To retain lower-income and minority students and improve their experience, schools like Emory should bolster the support networks for them. Lower-income and minority students are disproportionately likely to exit college without a degree, and even those who do graduate still struggle with the adjustment to new class environments.

Fortunately, it seems the University is aware of this need: last Spring, Emory joined the American Talent Initiative (ATI), a program that seeks to expand educational access for low and mid-income students. In its 2018 Impact Report, ATI identified boosting retention rates as an important step in this process. Additionally, in Fall 2013, the University launched the 1915 Scholars Program to connect first-generation college students with their peers and faculty mentors. More can be done to augment this program, however, as not all first-generation students are automatically enrolled, and not all lower-income and minority students are first-generation.

Because I’m only able to attend Emory due to its generous financial aid policies, I’m reticent to ask for more support. But over the past three years, I’ve realized that even though Emory wants to help people like me, administrators won’t know that students are struggling unless they air their grievances. And while I can’t hope to speak for all lower-income students at the University, I know I’m not alone in looking for assistance.

Though I have been fortunate to obtain paid summer internships, many of my peers have not had that privilege.

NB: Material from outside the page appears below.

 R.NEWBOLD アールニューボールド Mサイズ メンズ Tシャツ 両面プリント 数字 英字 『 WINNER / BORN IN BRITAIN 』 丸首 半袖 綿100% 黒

Emory’s Career Center offers some scholarships for lower-income students to take unpaid internships in nonprofits, non-governmental organizations or the public sector through the Emory Civic Scholars program, but the University could redirect funding toward the program so that they could offer more than 15 each summer. Alternatively, Emory could pilot a program for funding internships unrelated to civic service.

Even if creating more programs or increasing funding for existing ones would prove difficult, providing more communications about what already exists could still be beneficial. For example, the University could create an email list-serv to distribute more information about opportunities for Pell grant recipients, or it could use the Pre-major Advising Connections at Emory Program (PACE) to distribute useful information about programs for lower-income students.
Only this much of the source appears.